◆ **What is needed**
Without the pictures, write out every entry that follows exactly.

◆ **Data records**
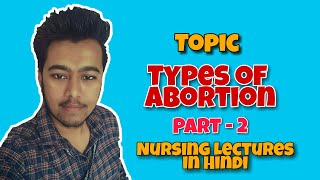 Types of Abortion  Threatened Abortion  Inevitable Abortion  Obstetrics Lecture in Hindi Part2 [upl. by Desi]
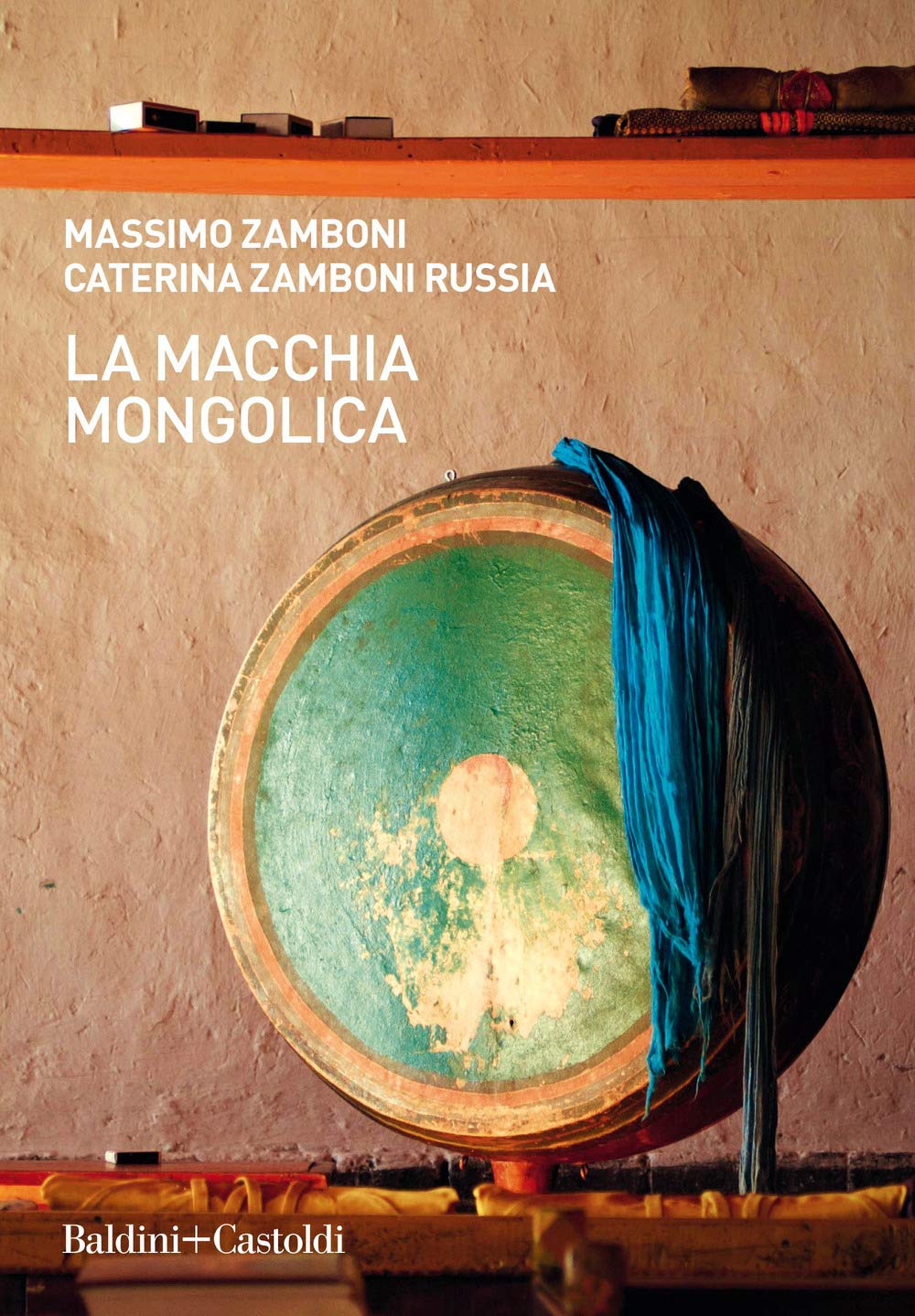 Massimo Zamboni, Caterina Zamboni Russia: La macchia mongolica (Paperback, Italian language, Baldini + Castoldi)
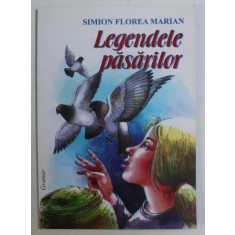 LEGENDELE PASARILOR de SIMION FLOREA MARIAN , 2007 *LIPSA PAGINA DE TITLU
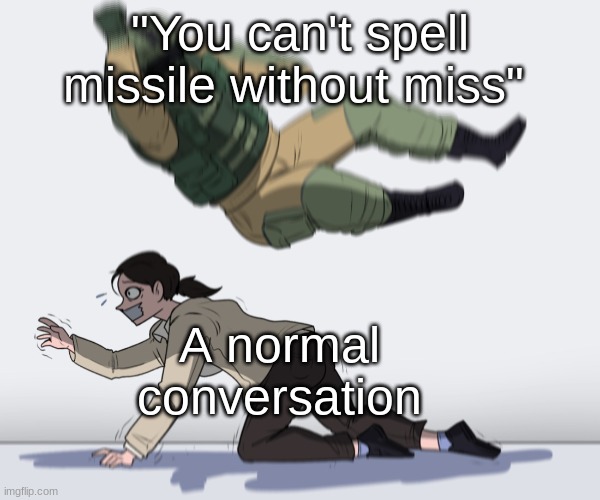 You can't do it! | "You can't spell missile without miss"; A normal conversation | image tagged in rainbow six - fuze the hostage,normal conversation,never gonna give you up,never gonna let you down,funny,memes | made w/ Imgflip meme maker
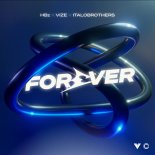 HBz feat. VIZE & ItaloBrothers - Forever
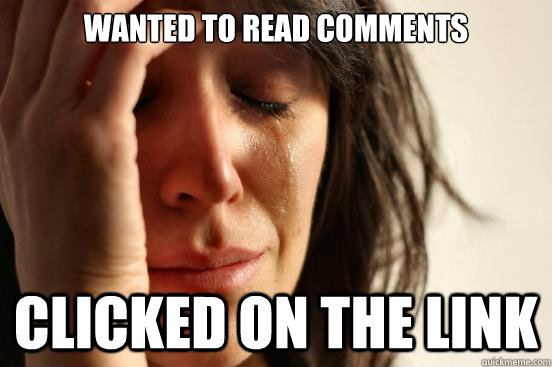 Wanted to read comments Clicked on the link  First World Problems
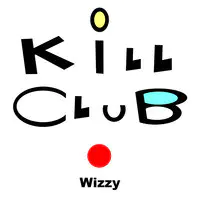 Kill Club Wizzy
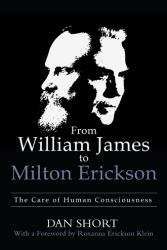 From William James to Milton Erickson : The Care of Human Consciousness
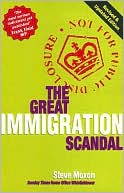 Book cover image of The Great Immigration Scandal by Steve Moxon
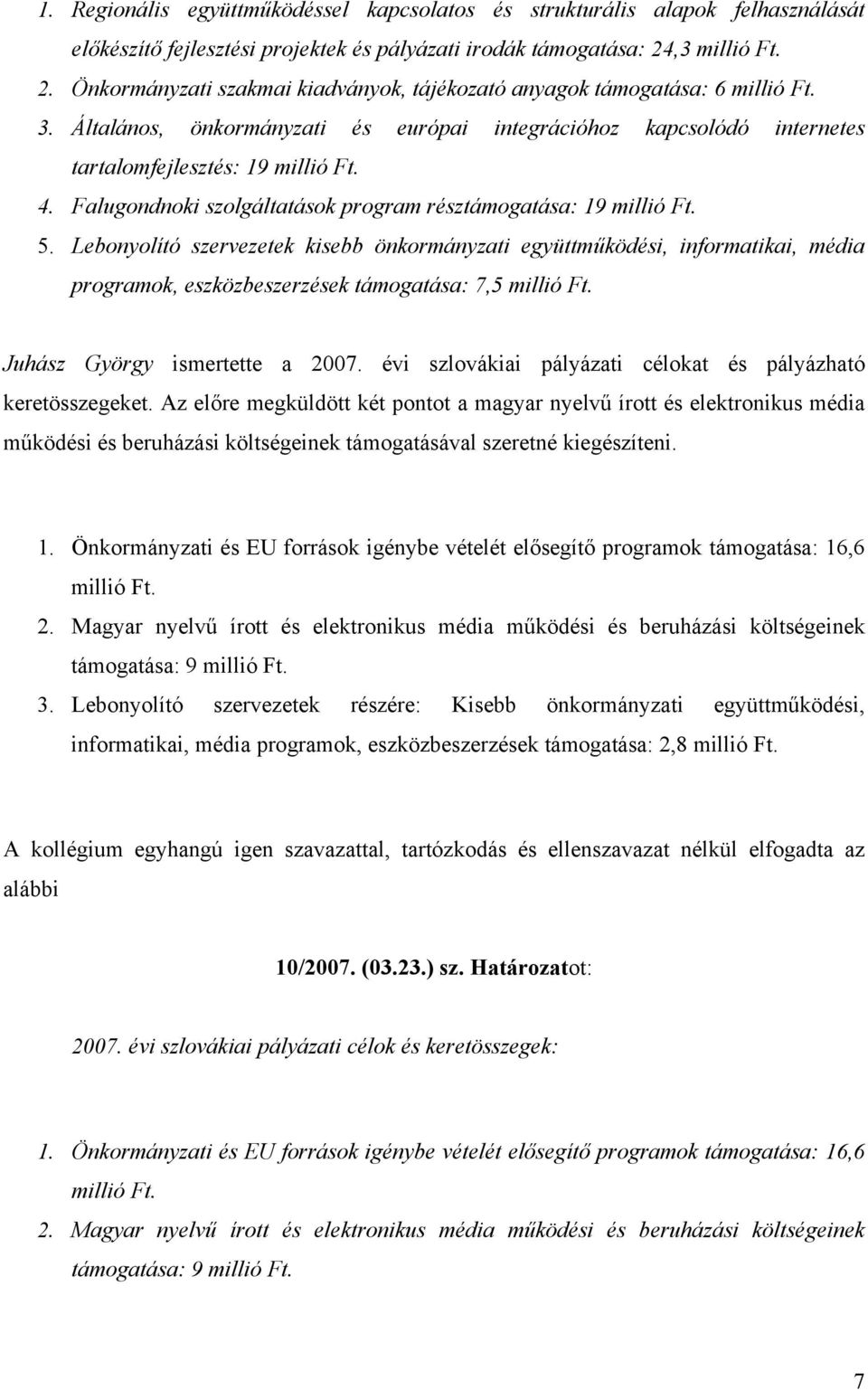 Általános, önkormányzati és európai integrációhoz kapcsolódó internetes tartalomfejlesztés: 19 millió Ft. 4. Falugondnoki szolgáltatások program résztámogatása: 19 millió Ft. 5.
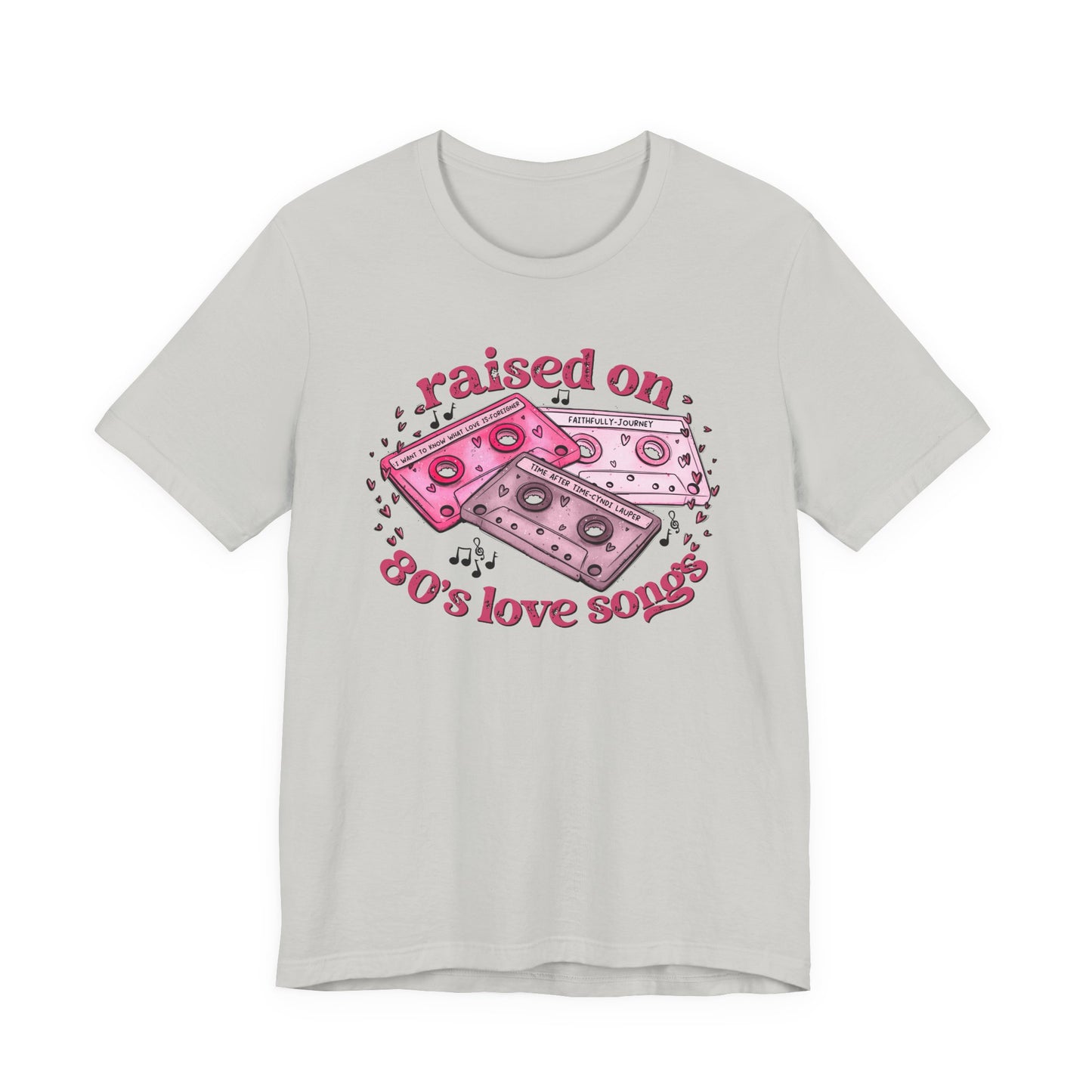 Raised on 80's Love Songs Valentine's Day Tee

◆ **Reply**
 Types of Abortion  Threatened Abortion  Inevitable Abortion  Obstetrics Lecture in Hindi Part2 [upl. by Desi]
 Massimo Zamboni, Caterina Zamboni Russia: La macchia mongolica (Paperback, Italian language, Baldini + Castoldi)
 LEGENDELE PASARILOR de SIMION FLOREA MARIAN , 2007 *LIPSA PAGINA DE TITLU
 You can't do it! | "You can't spell missile without miss"; A normal conversation | image tagged in rainbow six - fuze the hostage,normal conversation,never gonna give you up,never gonna let you down,funny,memes | made w/ Imgflip meme maker
 HBz feat. VIZE & ItaloBrothers - Forever
 Wanted to read comments Clicked on the link  First World Problems
 Kill Club Wizzy
 From William James to Milton Erickson : The Care of Human Consciousness
 Book cover image of The Great Immigration Scandal by Steve Moxon
 Általános, önkormányzati és európai integrációhoz kapcsolódó internetes tartalomfejlesztés: 19 millió Ft. 4. Falugondnoki szolgáltatások program résztámogatása: 19 millió Ft. 5.
 Raised on 80's Love Songs Valentine's Day Tee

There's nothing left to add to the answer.